# Gute IDE für Struts



## thE_29 (31. Okt 2006)

Also, der JBuilder Enterprise Edition ist eigentlich recht gut bei der Handhabung zu Struts...

Da wir aber nur die 9er Version als Enterprise haben und die 2k6 ~3000€ kostet (die developer kostet 350 € ) haben wir (Firma) überlegt auf ne gratis IDE umzusteigen!


Welche IDE hat den ein gutes Struts Plugin, das dann so ähnlich aussieht wie beim JBuilder (so klicki bunti ).


Hat den Netbeans sowas?! Oder gibts das nur für Eclipse? Und wie siehts mit dem JDeveloper aus?!


Bitte nur was sinnvolles posten... Also Leute die auch Erfahrung mit Struts und einer IDE haben... (einfache Kommentare wie: nimm eclipse da gibts genug Plugins, helfen mir auch net )
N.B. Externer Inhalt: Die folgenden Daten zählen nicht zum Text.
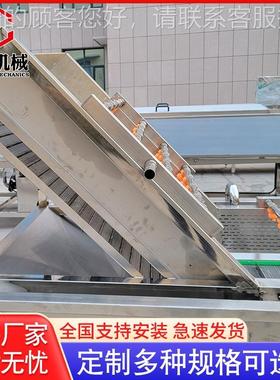 气泡蔬RYM工清洗机 线罐头果臭氧洗果机 净菜加流水制作厂家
Wenn dann will ich Fakten :bae:


----------



## thE_29 (31. Okt 2006)

So, ich lade mir mal das hier runter:

http://download.eclipse.org/webtools/downloads/drops/R1.5/R-1.5.1-200609230508/

Und dann http://www.strutsbox.de/index.php?option=com_content&task=view&id=16&Itemid=30

Das müsste ja dann eigentlich klappen oder?! 
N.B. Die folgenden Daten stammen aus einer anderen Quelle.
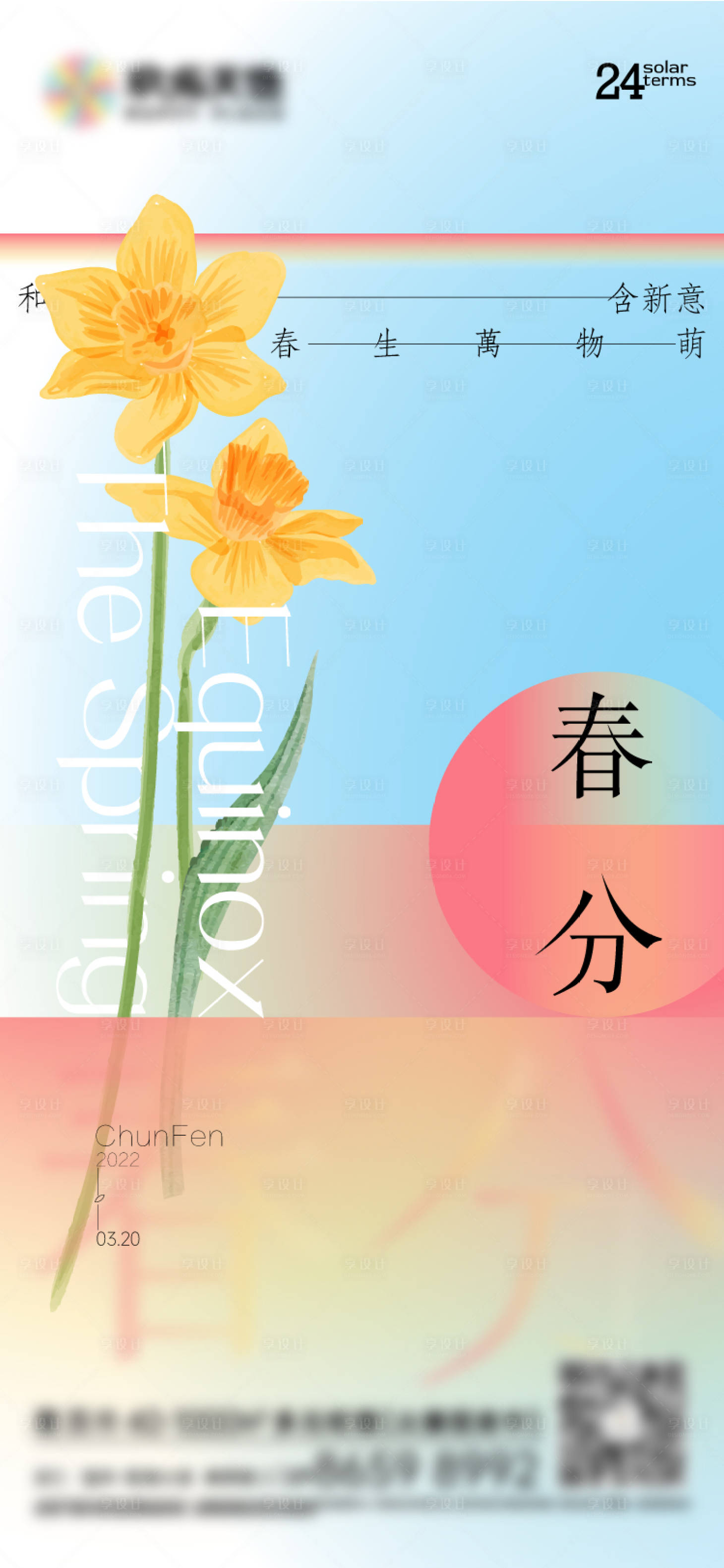 源文件下載【享設(shè)計】搜索編號：83000008793584285【春分節(jié)氣】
(muss mich dann ja nur noch in Eclipse einlernen :bae


----------



## KSG9|sebastian (31. Okt 2006)

Eclipse + MyEclipse Plugin (kostet nicht so viel - www.myeclipseide.com)

oder

Eclipse + StrutsIDE (auch nicht teuer, url -> google)

oder

IBM Rational Application Developer (wirste aber arm und ist overdosed)

sonst halt mal google bzw. eclipseplugins.info nach Strutsplugins für Eclipse quälen


----------



## The_S (31. Okt 2006)

KSG9|sebastian hat gesagt.:
			
		

> IBM Rational Application Developer (wirste aber arm und ist overdosed)
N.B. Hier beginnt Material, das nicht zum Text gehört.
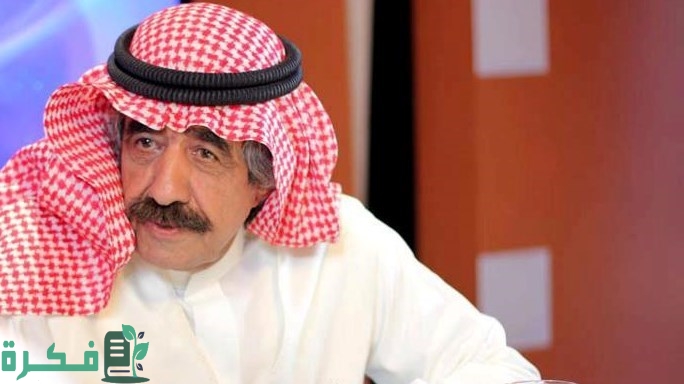 كم هو عمر محمد الطويان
Ähm ... ja ... 1. Kostet der nochmal mehr als dein JBuilder Enterprise Edition und 2. kannste dann alle PCs aufrüsten, auf denen der laufen soll :lol:


----------



## thE_29 (31. Okt 2006)

Hehe 

Lass gut sein mit dem IBM Rational Dinger... 

Die sind zwar super (war mal bei IBM das anschaun) aber der Preis der haut dich um 



Und wie siehts mit Netbeans oder dem JDeveloper aus? Gibts da nix?


----------



## KSG9|sebastian (31. Okt 2006)

netbeans + jdeveloper mach ich nichts
das der rad nen vermögen kostet hab ich schon erwähnt (me ist stolzer besitzer einer lizenz )
myeclipse an sich find ich klasse, von den funktionen, dem support und der qualität der releases (im bezug auf fehler u.s.w.)  das beste was ich kenne


----------



## bronks (31. Okt 2006)

thE_29 hat gesagt.:
			
		

> ... Und wie siehts mit Netbeans oder dem JDeveloper aus? Gibts da nix?


Der JDeveloper hat einen echt netten visuellen Strutsdesigner. Ich habe viel mit dem JDeveloper gemacht. Allerdings haben die Versionen, die zum DL stehen immer ein paar Bugs gehabt, die mir letztendlich den Spaß verdorben haben. Ich hab leider keine Ahnung, ob die Bezahlversion für €1k etwas anderes ist.

Netbeans bietet m.E. eine erstklassige Strutsunterstützung. Es ist zwar kein visueller Designer dabei, aber Netbeans hält das Strutsgerüst sauber zusammen.


----------